NVIDIA Opts For AMD EPYC Rome CPUs Over Intel Xeon For DGX A100 Ampere Supercomputers

NVIDIA DGX A100
The big tech news this week is the official unveiling of Ampere, following months and months (years, really) of rumors. From the confines of his swank kitchen, NVIDIA CEO Jensen Huang dished up some details about the next-gen GPU, at least as it pertains to the data center high performance computing (HPC) markets. Following the announcement, AMD CEO Dr.
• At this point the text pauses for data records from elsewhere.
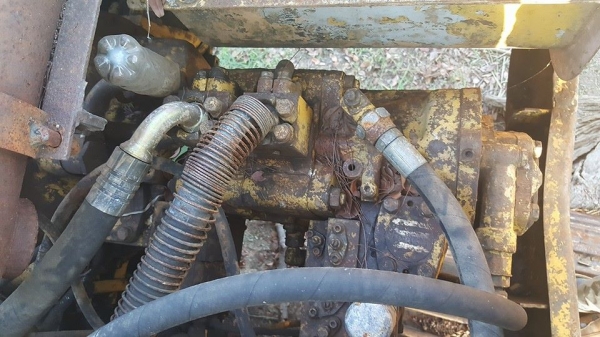 ขายรถขุดแบ็คโค โคมัสสุ pc200-5ไฟฟ้าตัด เครื่องเดิม บูมสวย เอวดี คอนโทรลยาว สภาพลงงานได้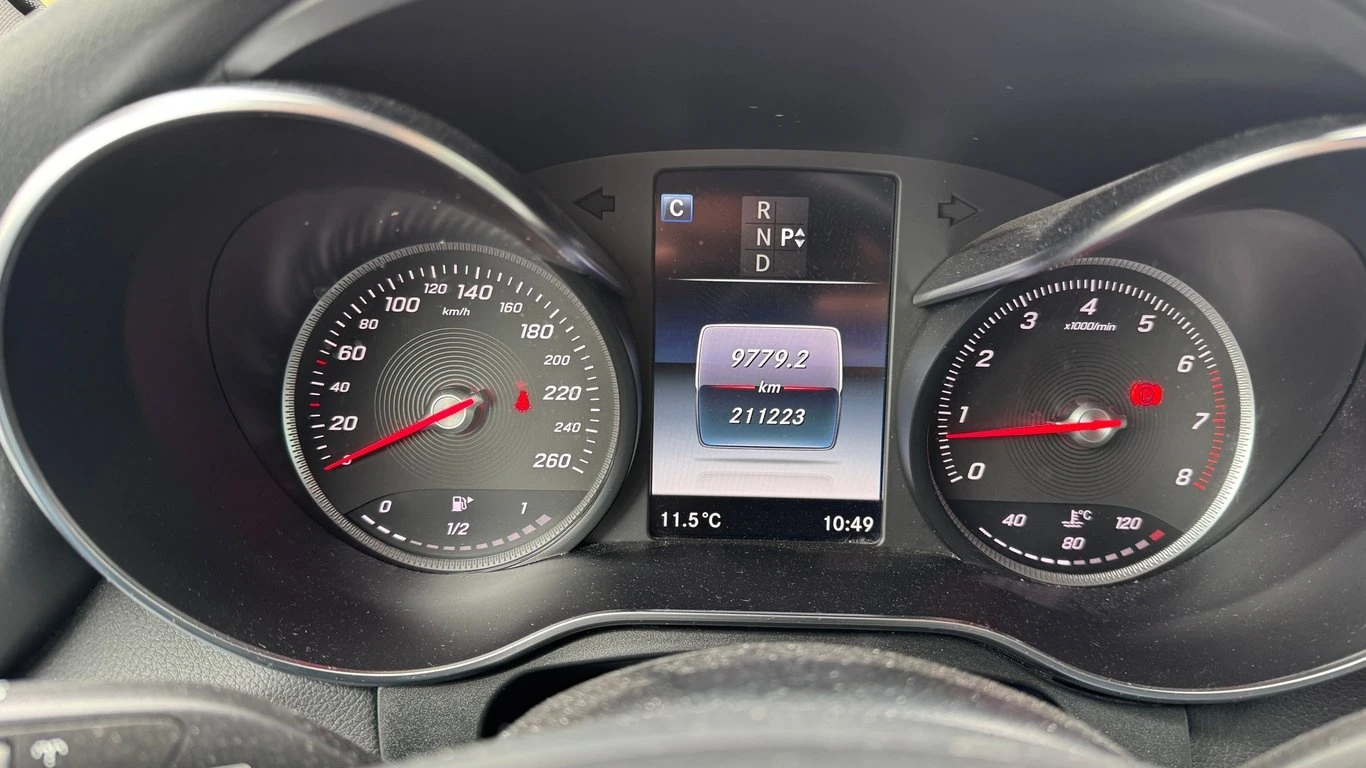 Mercedes-Benz GLC 300 * CARFAX * БЕЗ ПЪРВОНАЧАЛНА ВНОСКА - изображение 8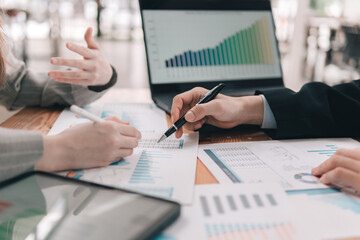 Naklejka premium Analyzing financial data trends office space business meeting collaborative environment aerial view data insights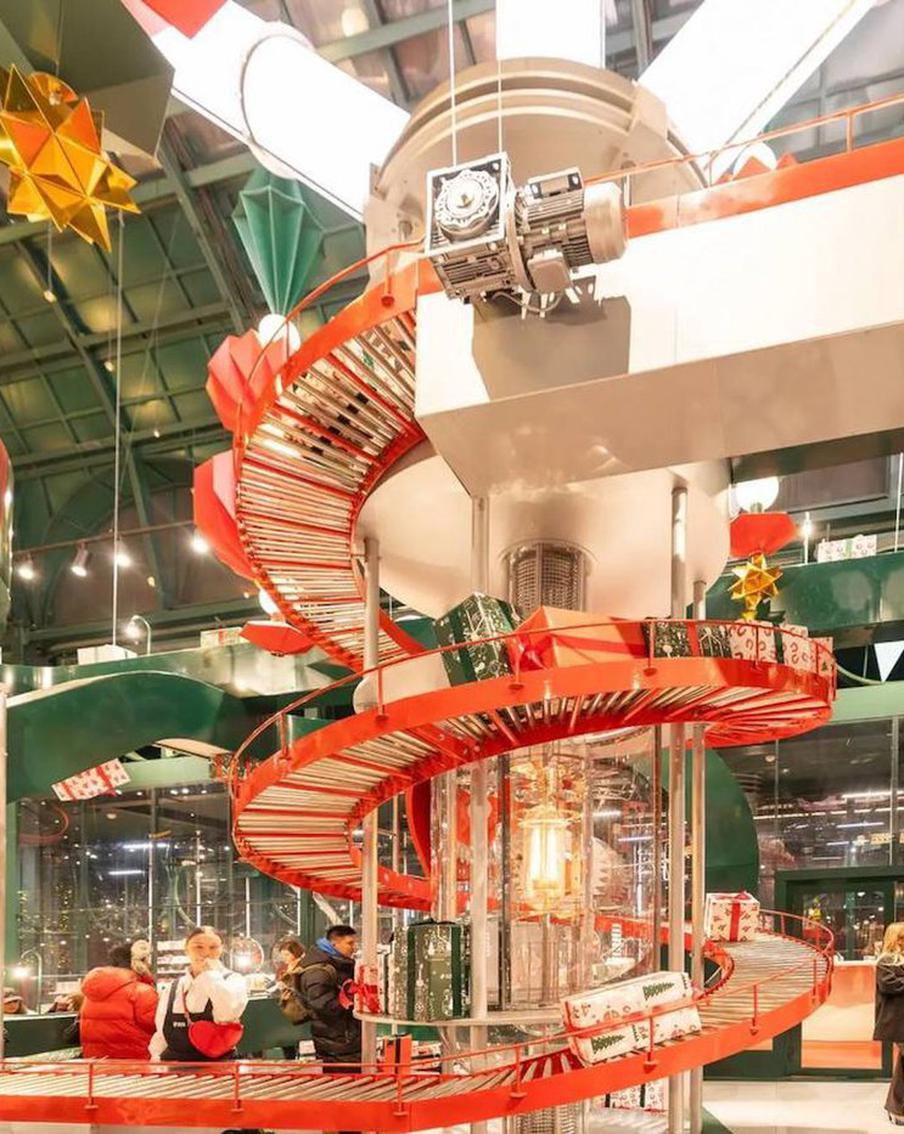 Новогодние ярмарки: куда идти за подарками и новогодним настроением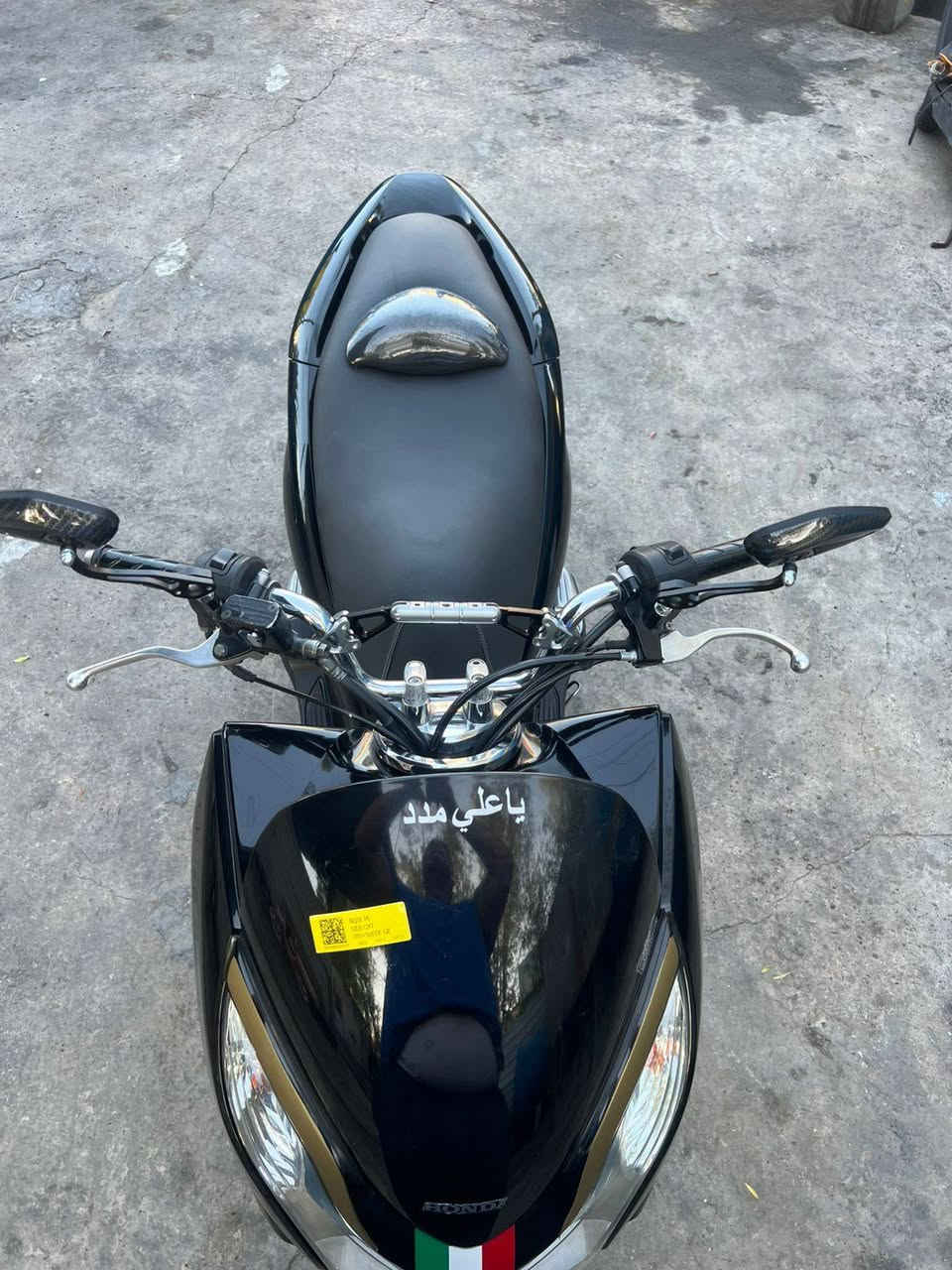 سلام عليكم اخوان
للبيع دراجه PCX جيل[1] ياباني ياباني🇯🇵🇯🇵 jf 
دراجه بلاديه مكينه ابلادي 
دراجه برغي ممفتوح بيه 
كهربائيات حساسات شغاله 
دراجه اي اي نقص مابيه 
صارله شهر من طالعه رمبه 
دراجه مكفوله كفاله عامه 
وجيب فيتر وياك 
ونطيك ضمان بلدراجه
تايرات جدد امامي خلفي 
حساسات A ازدحام وحساس استان كله شغال 
دهن ادير من شركه هوندا 
سعر 1700 بيه مجال للطيبين👑💞
مكاني بغداد حي العامل خلف صناعه 
الاستفسار الرقم ***********📍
Lisa Su revealed another interesting nugget—NVIDIA's DGX A100 servers are packing EPYC "Rome" processors inside rather than Intel Xeon chips.

This is yet another feather for AMD's cap, which has been amassing them ever since Zen arrived (and in particular, the latest iteration, Zen 2).
"Proud to have AMD EPYC 'Rome' CPUs in the new DGX servers. Congrast NVIDIA on the new A100 launch and thanks for selecting AMD as your CPU," Dr. Su said.

What this amounts to is the pairing of two 7-nanometer juggernauts. On the GPU side, Ampere is an absolute beast, both in sheer size at 826mm2, and in its technological prowess—it packs a whopping 54 billion transistors, along with 6,912 FP32 CUDA cores, 432 Tensor cores, 108 streaming multiprocessors, and 40GB of HBM2e memory.

"NVIDIA A100 GPU is a 20x AI performance leap and an end-to-end machine learning accelerator — from data analytics to training to inference," said NVIDIA founder and CEO Jensen Huang. "For the first time, scale-up and scale-out workloads can be accelerated on one platform. NVIDIA A100 will simultaneously boost throughput and drive down the cost of data centers."

Meanwhile, AMD's latest generation EPYC processors supplement the servers with the architectural benefits of Zen 2, which is also produced on a 7nm manufacturing process. One of the big draws is PCI Express 4.0 support. This essentially made EPYC the only viable choice to pair with PCIe 4.0-enabled Ampere GPUs.

It's another bragging right for AMD, as evidenced by Dr. Su's tweet. At the same time, this design win will likely mean a lot less in terms of actual revenue for AMD, since there will only be two 64-core/128-thread EPYC 7742 CPUs in each DGX chassis. You can think of them as basically traffic cops in a mesh of GPUs. We don't anticipate AMD seeing a big spike in revenue over this deal, but we'll see. If nothing else, it is another strong validation for AMD in the high margin data center business.